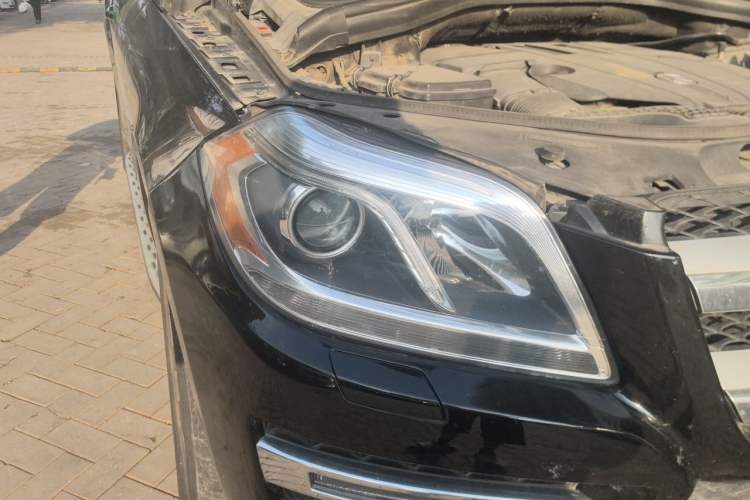 Used Mercedes-Benz GLS  Right Front Headlight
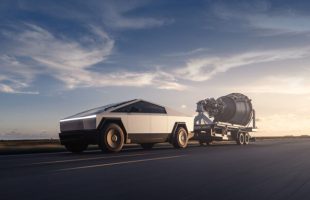 Tesla Cybertruck tractant une pièce de fusée SpaceX // Source : Tesla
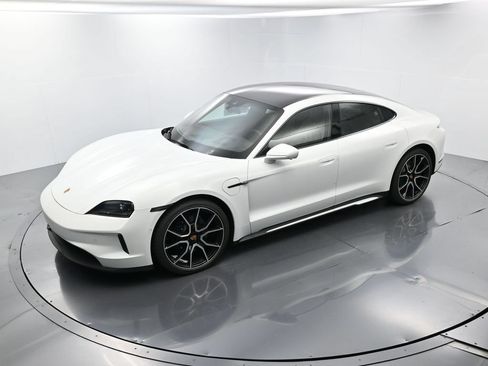Certified 2025 Porsche Taycan AWD/4WD image 31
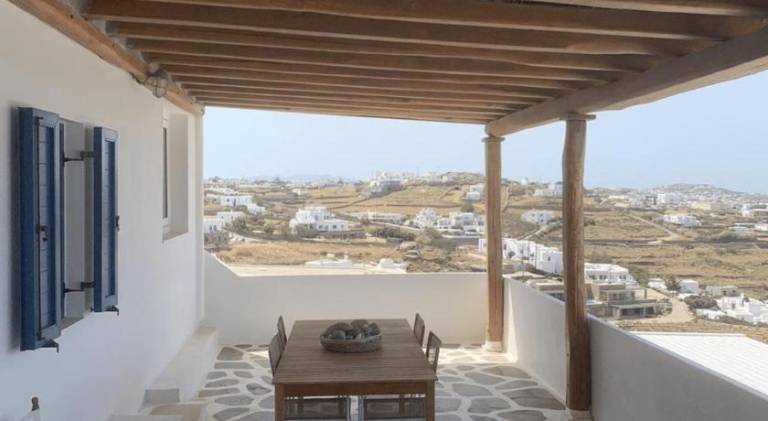 Vacation home with patio | Good for workation — photo 2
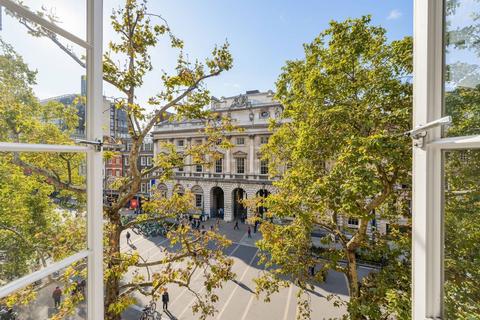 3 bedroom flat for sale, Marconi House, The Strand, London, WC2R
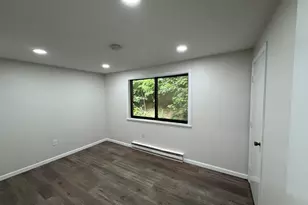 19 Maple St, Amesbury, MA 01913 - Photo 4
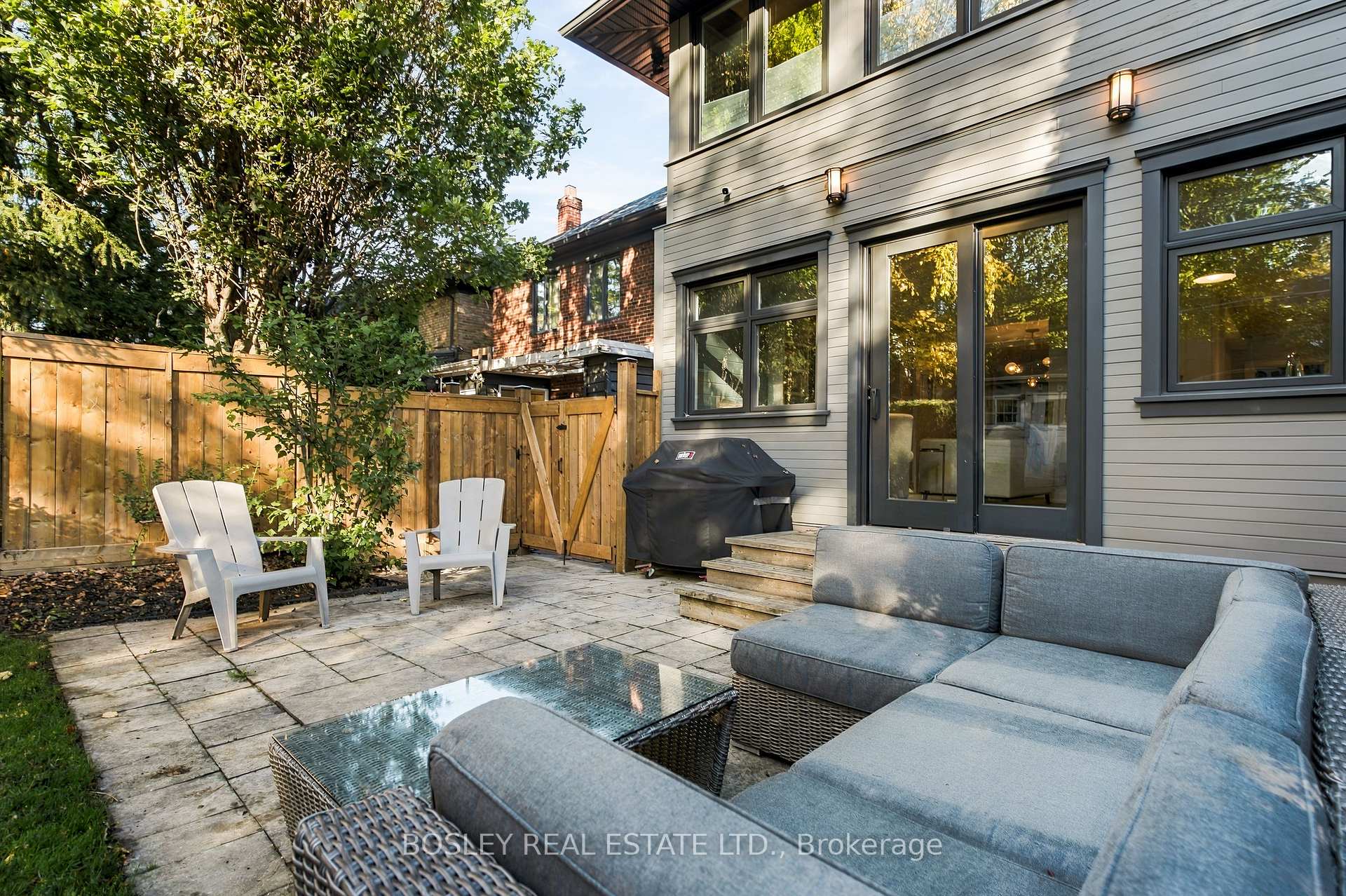 Photo 39 of 45 Chudleigh Avenue, Toronto, Lawrence Park South — HOMEH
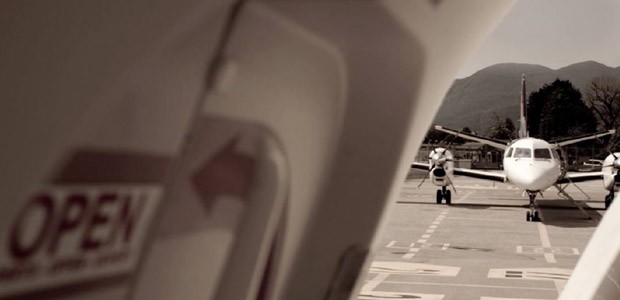 Blick auf eine Saab 2000 von Etihad Regional: Die Airline braucht weniger Personal.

——

• **YOUR GOAL**
None of the pictures should appear; the rest of the entries must be reproduced exactly.

• **ANSWER**
 Used Mercedes-Benz GLS  Right Front Headlight
 Tesla Cybertruck tractant une pièce de fusée SpaceX // Source : Tesla
Certified 2025 Porsche Taycan AWD/4WD image 31
 Vacation home with patio | Good for workation — photo 2
 3 bedroom flat for sale, Marconi House, The Strand, London, WC2R
 19 Maple St, Amesbury, MA 01913 - Photo 4
 Photo 39 of 45 Chudleigh Avenue, Toronto, Lawrence Park South — HOMEH
 Blick auf eine Saab 2000 von Etihad Regional: Die Airline braucht weniger Personal.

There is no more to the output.